*What needs to be done:* Under this line are the records; repeat exactly the lines starting at the one containing "Photo 9 from" and ending at the one containing "838 20th, Delano, CA 93215", omitting pictures.

*Raw data:*

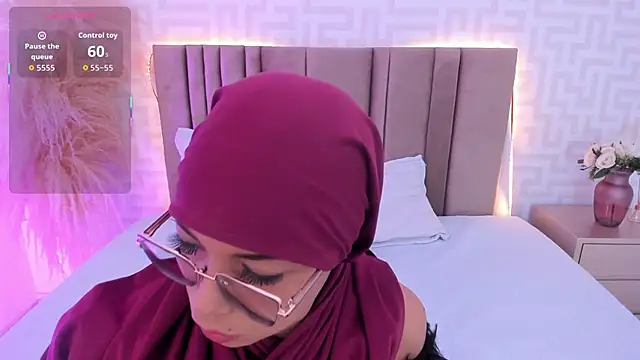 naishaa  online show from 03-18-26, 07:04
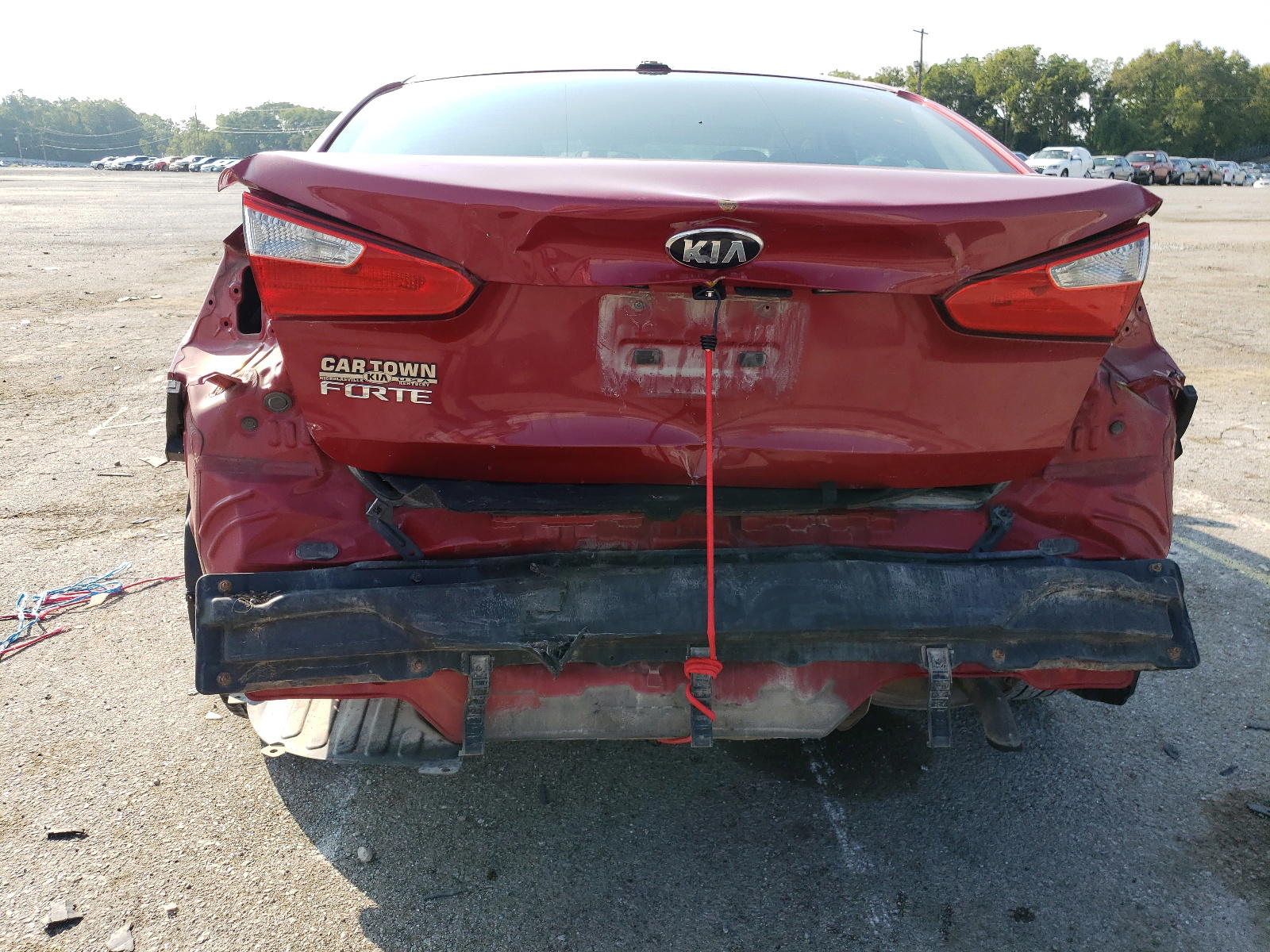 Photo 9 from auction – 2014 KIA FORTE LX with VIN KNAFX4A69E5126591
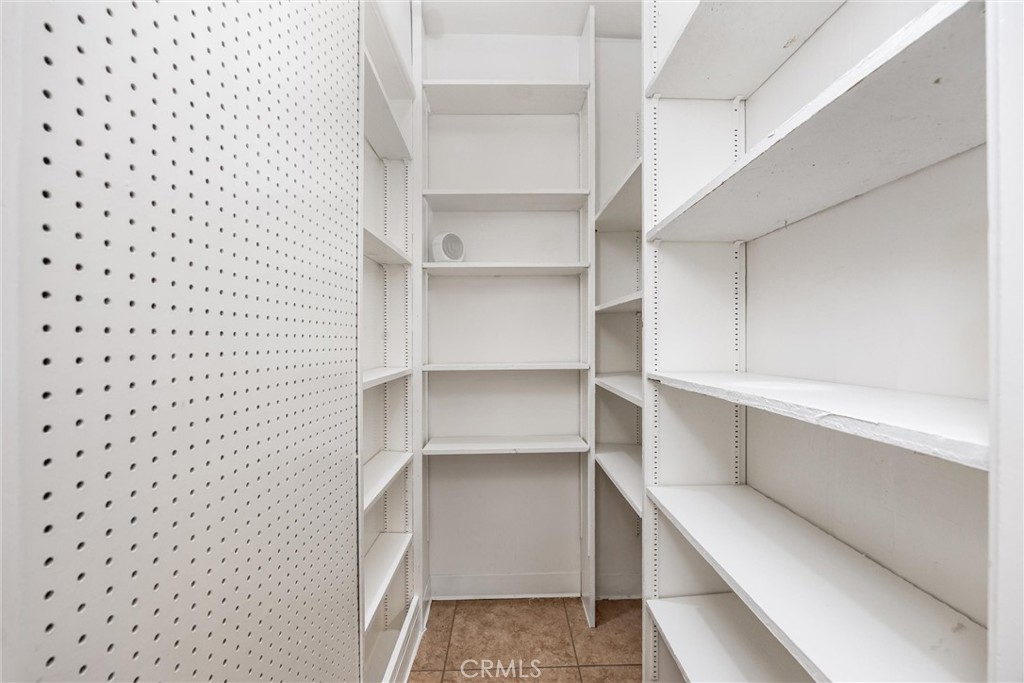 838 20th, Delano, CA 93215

---

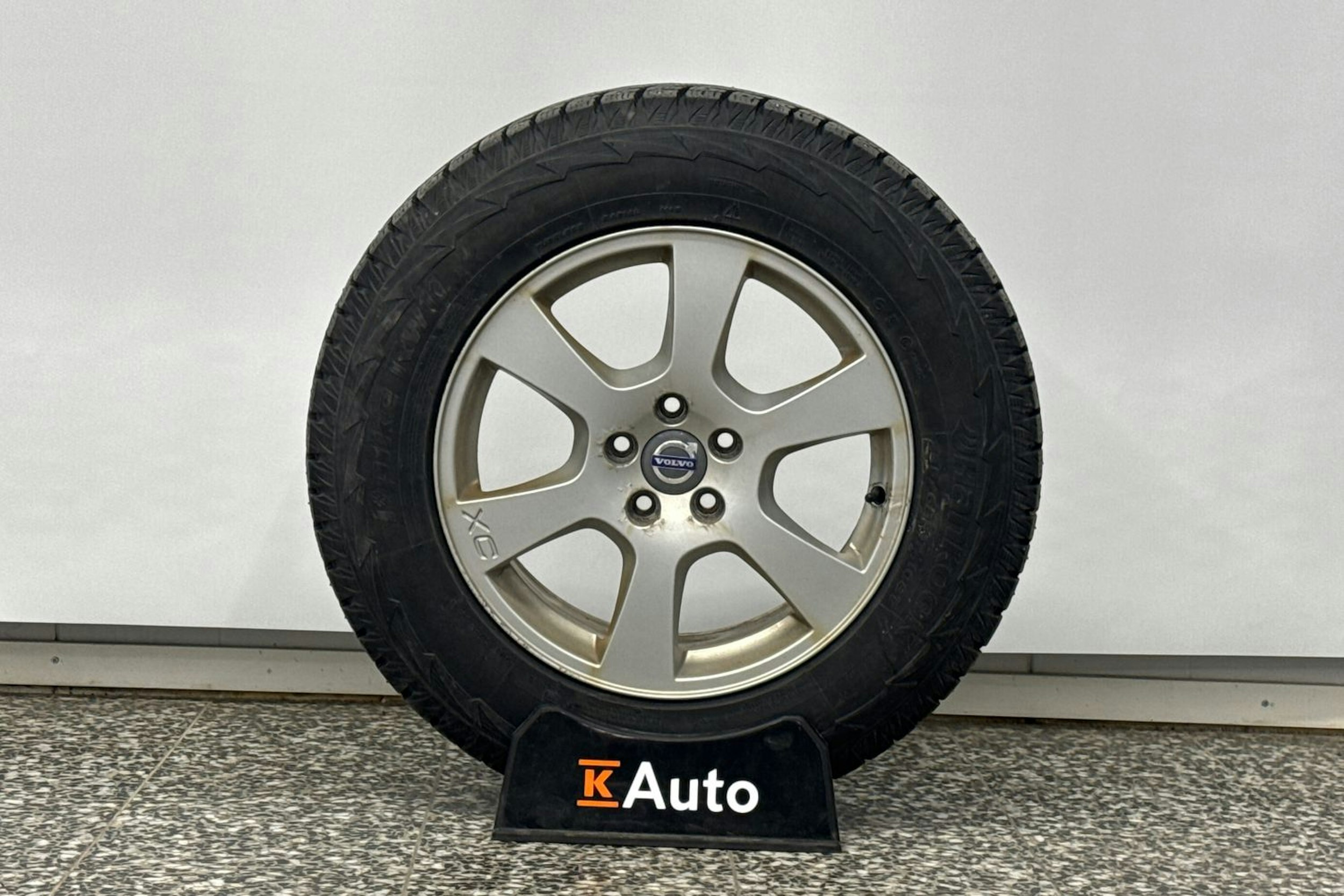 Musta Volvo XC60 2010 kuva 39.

*Result of this task:*
 Photo 9 from auction – 2014 KIA FORTE LX with VIN KNAFX4A69E5126591
 838 20th, Delano, CA 93215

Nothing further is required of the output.